Maximizing mutual information between user-contexts and responses improve LLM personalization with no additional data

Abstract

While post-training has successfully improved large language models (LLMs) across a variety of domains, these gains heavily rely on human-labeled data or external verifiers. Existing data has already been exploited, and new high-quality data is expensive to collect. More fundamentally, true intelligence goes far beyond tasks that are easily verifiable. Therefore, we need self-improvement frameworks that allow models to improve without external oversight. We propose *Mutual Information Preference Optimization (MIPO)*, a contrastive data augmentation method that constructs preference pairs by generating a positive response conditioning on the correct prompt, and a negative response by conditioning on a random, unrelated prompt. We show that using Direct Preference Optimization (DPO) to learn from this paired data maximizes pointwise conditional mutual information (MI) (under the base LLM) between prompts and model responses.
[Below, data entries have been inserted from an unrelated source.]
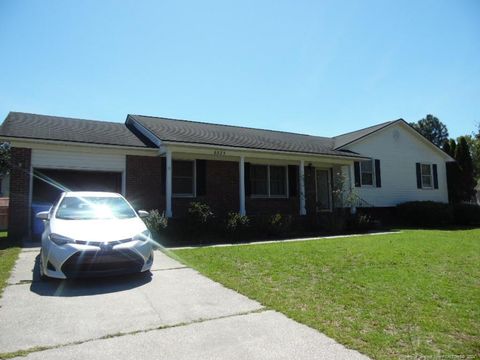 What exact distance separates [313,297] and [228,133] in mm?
12357

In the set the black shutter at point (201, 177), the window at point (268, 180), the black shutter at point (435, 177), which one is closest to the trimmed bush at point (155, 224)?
the black shutter at point (201, 177)

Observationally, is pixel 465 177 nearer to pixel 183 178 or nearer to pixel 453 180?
pixel 453 180

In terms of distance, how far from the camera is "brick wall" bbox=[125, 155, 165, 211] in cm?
Result: 1275

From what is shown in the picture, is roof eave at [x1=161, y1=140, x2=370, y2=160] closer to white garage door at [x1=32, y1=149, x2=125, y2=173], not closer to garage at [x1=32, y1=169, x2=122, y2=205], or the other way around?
white garage door at [x1=32, y1=149, x2=125, y2=173]

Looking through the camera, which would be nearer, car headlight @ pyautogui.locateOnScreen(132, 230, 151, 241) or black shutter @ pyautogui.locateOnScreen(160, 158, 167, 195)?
car headlight @ pyautogui.locateOnScreen(132, 230, 151, 241)

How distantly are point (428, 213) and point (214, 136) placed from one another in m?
11.6

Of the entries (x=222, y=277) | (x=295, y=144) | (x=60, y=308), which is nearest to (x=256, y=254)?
(x=222, y=277)

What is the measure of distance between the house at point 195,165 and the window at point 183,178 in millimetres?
42

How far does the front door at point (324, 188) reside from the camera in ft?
59.4

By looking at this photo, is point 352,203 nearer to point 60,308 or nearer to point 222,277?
point 222,277

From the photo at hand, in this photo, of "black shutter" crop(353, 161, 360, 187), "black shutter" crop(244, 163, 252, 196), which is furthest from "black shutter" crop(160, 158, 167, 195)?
"black shutter" crop(353, 161, 360, 187)

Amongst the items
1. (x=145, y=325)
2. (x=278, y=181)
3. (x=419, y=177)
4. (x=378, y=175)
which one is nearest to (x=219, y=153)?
(x=278, y=181)

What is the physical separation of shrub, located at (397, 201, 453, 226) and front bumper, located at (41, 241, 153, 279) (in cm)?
1640

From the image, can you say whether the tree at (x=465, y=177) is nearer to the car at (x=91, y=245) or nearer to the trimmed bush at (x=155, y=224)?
the trimmed bush at (x=155, y=224) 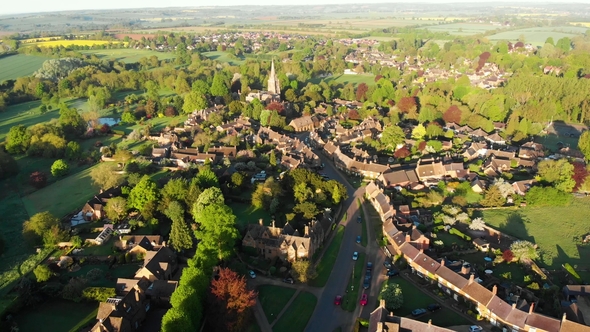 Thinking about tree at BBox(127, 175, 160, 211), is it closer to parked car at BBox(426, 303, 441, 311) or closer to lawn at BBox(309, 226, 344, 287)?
lawn at BBox(309, 226, 344, 287)

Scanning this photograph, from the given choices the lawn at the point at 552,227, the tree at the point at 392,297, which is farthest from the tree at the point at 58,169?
the lawn at the point at 552,227

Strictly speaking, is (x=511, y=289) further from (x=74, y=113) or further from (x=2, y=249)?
(x=74, y=113)

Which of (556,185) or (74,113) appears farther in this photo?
(74,113)

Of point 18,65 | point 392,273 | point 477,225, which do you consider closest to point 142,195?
point 392,273

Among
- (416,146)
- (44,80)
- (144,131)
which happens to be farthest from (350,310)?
(44,80)

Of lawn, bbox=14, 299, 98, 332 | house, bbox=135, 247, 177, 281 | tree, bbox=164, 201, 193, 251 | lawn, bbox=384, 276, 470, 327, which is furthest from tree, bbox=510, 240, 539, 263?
lawn, bbox=14, 299, 98, 332

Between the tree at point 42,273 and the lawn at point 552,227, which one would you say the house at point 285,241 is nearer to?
the tree at point 42,273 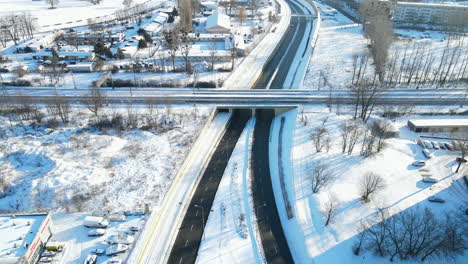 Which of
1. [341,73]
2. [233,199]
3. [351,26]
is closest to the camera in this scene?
[233,199]

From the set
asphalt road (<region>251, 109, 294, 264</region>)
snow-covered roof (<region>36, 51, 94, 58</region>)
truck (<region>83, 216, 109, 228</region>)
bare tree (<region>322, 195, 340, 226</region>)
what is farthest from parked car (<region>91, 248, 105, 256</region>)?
snow-covered roof (<region>36, 51, 94, 58</region>)

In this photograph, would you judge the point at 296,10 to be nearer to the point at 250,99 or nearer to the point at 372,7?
the point at 372,7

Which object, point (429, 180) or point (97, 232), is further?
point (429, 180)

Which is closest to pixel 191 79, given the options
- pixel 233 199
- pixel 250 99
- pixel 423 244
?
pixel 250 99

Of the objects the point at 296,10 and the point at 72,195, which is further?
the point at 296,10

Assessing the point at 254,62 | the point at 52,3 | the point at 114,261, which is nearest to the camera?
the point at 114,261

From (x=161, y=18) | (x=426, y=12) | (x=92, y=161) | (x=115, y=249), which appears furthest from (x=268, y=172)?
(x=426, y=12)

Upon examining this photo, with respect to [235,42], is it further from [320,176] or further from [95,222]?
[95,222]

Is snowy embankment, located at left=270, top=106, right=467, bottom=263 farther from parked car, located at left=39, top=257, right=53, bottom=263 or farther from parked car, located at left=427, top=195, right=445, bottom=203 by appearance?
parked car, located at left=39, top=257, right=53, bottom=263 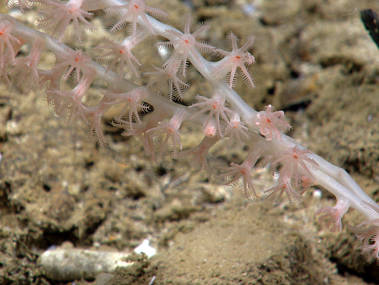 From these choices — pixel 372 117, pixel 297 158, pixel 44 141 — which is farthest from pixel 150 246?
pixel 372 117

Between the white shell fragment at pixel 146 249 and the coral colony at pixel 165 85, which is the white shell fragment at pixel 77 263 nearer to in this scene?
the white shell fragment at pixel 146 249

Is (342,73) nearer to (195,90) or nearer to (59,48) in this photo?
(195,90)

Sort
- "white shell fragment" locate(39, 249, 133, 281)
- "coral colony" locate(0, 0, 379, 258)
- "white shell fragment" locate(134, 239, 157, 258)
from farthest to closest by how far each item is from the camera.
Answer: "white shell fragment" locate(134, 239, 157, 258) < "white shell fragment" locate(39, 249, 133, 281) < "coral colony" locate(0, 0, 379, 258)

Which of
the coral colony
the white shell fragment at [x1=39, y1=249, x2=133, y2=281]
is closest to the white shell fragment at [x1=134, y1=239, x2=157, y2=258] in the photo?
the white shell fragment at [x1=39, y1=249, x2=133, y2=281]

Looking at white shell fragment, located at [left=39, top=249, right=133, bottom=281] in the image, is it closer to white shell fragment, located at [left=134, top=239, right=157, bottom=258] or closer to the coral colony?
white shell fragment, located at [left=134, top=239, right=157, bottom=258]

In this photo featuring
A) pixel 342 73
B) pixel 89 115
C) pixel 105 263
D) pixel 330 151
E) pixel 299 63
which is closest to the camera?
pixel 89 115

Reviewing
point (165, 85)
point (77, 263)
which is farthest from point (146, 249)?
point (165, 85)

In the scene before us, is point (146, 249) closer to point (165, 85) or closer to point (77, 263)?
point (77, 263)

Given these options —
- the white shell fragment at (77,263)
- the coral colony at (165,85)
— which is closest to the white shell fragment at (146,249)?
the white shell fragment at (77,263) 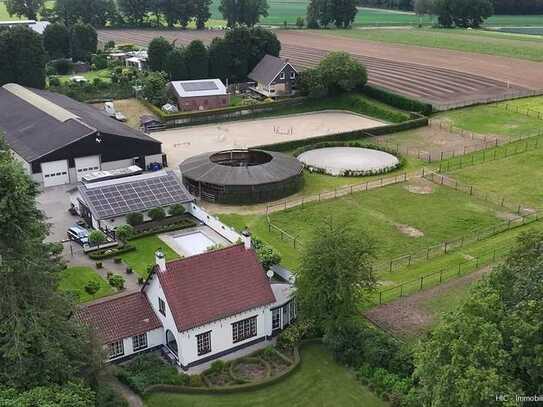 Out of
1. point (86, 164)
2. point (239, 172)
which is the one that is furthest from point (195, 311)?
point (86, 164)

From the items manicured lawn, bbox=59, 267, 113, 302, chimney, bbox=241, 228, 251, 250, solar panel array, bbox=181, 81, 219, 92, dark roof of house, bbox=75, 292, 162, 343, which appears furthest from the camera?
solar panel array, bbox=181, 81, 219, 92

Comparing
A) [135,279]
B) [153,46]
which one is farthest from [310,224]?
[153,46]

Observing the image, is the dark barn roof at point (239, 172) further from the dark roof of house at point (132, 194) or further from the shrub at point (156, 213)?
the shrub at point (156, 213)

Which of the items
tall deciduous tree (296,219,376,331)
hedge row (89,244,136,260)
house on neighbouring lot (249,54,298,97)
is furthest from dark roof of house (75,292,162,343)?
house on neighbouring lot (249,54,298,97)

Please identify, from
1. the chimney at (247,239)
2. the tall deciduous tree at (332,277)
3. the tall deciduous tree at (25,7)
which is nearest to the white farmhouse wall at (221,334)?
the tall deciduous tree at (332,277)

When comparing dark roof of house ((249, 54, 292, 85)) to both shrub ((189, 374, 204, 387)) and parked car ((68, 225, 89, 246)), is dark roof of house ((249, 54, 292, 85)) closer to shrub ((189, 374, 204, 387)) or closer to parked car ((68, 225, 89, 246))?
parked car ((68, 225, 89, 246))

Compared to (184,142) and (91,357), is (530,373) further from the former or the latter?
(184,142) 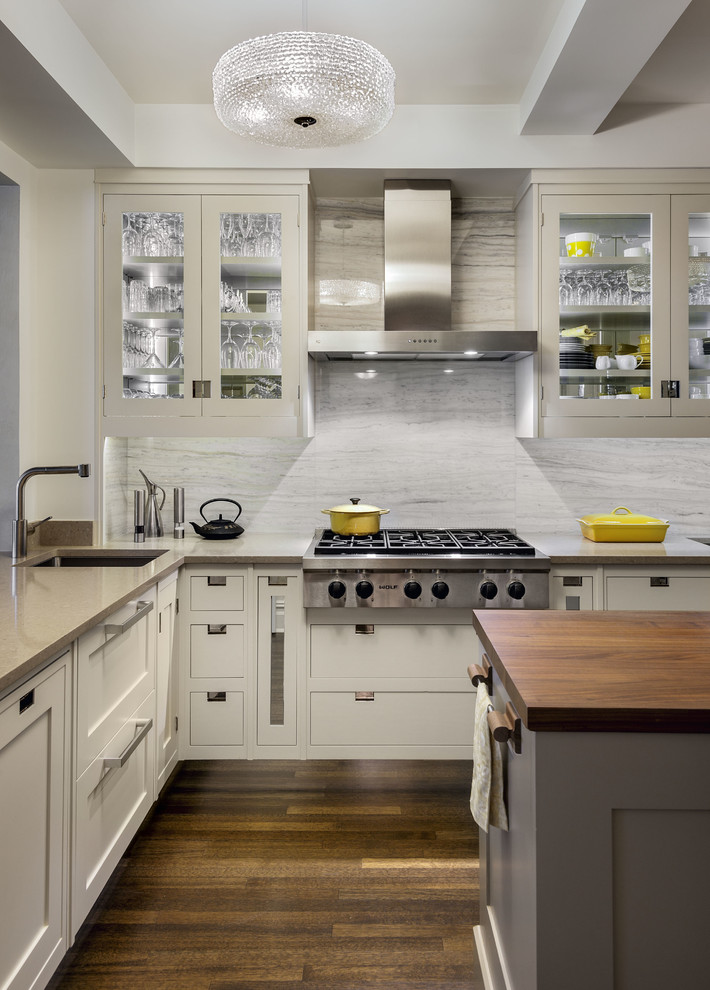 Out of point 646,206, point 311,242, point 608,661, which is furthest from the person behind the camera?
point 311,242

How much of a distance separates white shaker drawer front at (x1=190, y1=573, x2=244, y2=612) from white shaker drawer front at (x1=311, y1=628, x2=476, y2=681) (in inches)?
13.6

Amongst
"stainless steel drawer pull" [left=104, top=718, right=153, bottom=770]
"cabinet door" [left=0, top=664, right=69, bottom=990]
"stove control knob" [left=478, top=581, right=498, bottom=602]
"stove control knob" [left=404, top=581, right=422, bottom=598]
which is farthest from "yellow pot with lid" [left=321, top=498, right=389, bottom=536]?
"cabinet door" [left=0, top=664, right=69, bottom=990]

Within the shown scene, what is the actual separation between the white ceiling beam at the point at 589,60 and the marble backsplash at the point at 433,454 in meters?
0.62

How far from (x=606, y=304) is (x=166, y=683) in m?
2.51

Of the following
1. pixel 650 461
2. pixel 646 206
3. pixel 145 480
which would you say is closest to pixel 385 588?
pixel 145 480

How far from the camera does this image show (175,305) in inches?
126

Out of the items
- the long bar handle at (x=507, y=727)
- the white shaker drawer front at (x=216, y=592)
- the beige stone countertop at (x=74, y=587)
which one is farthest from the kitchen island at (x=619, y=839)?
the white shaker drawer front at (x=216, y=592)

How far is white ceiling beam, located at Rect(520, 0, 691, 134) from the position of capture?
7.23ft

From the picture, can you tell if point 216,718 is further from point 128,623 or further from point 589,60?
point 589,60

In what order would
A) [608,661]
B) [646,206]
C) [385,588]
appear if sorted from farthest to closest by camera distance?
1. [646,206]
2. [385,588]
3. [608,661]

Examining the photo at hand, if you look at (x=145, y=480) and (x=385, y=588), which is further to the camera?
(x=145, y=480)

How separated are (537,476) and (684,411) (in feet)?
2.44

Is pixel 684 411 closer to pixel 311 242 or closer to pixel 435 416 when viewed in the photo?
pixel 435 416

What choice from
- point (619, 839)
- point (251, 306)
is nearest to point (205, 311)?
point (251, 306) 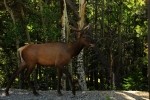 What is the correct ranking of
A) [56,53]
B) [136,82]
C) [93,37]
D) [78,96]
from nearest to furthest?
[78,96], [56,53], [136,82], [93,37]

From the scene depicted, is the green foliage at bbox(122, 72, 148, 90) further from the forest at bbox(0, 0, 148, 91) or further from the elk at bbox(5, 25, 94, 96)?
the elk at bbox(5, 25, 94, 96)

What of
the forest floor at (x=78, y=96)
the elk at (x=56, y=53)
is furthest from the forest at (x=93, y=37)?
the forest floor at (x=78, y=96)

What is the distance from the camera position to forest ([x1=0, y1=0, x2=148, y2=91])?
15016 millimetres

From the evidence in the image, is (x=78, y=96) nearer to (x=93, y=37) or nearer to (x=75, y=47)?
(x=75, y=47)

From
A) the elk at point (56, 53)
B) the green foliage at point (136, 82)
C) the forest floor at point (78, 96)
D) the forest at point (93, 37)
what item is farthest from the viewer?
the green foliage at point (136, 82)

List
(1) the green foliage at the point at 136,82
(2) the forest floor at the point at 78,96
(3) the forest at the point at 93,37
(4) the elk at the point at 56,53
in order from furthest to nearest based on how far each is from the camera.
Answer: (1) the green foliage at the point at 136,82, (3) the forest at the point at 93,37, (4) the elk at the point at 56,53, (2) the forest floor at the point at 78,96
Empirical results with various-sized Llama- and Qwen-Instruct models show that when used to maximize MI between user context and response, MIPO provides an effective personalization technique, achieving 3-40% improvements on personalization tasks using real-user datasets compared to strong baselines. Surprisingly, MIPO can also be applied to improve performance on math and multiple-choice problems, yielding 1-18% **without any additional data or human supervision**. These results suggest a promising direction for self-improvement.

Figures (3)

• Figure 1: We propose an intrinsically motivated post-training method based on mutual information that does not require human labels or verifiers. We present two versions of MIPO: (1) maximizing mutual information between responses and prompts, and (2) maximizing conditional mutual information between responses and user contexts given prompts The second objective is particularly useful for personalization, as it encourages the policy to generate responses that are more likely conditioned on the specific user context, but rare globally.
• Figure 2: Entropy over the MCQ answer choices conditioned on correct model predictions. In addition to improving accuracy, MIPO (blue) also makes models become more confident about correct predictions compared to the base model (orange) as indicated by the mean and overall distribution shift. The x-axis ranges from mean $\pm$ 1 std.
• Figure 3: Entropy over the 500 MCQ answer choices in ARC conditioned on output correctness. MIPO-trained models (blue) become more confident about correct answers compared to the base models (orange) as indicated by entropy reduction. The range is truncated to show the mean $\pm$ 2 standard deviation.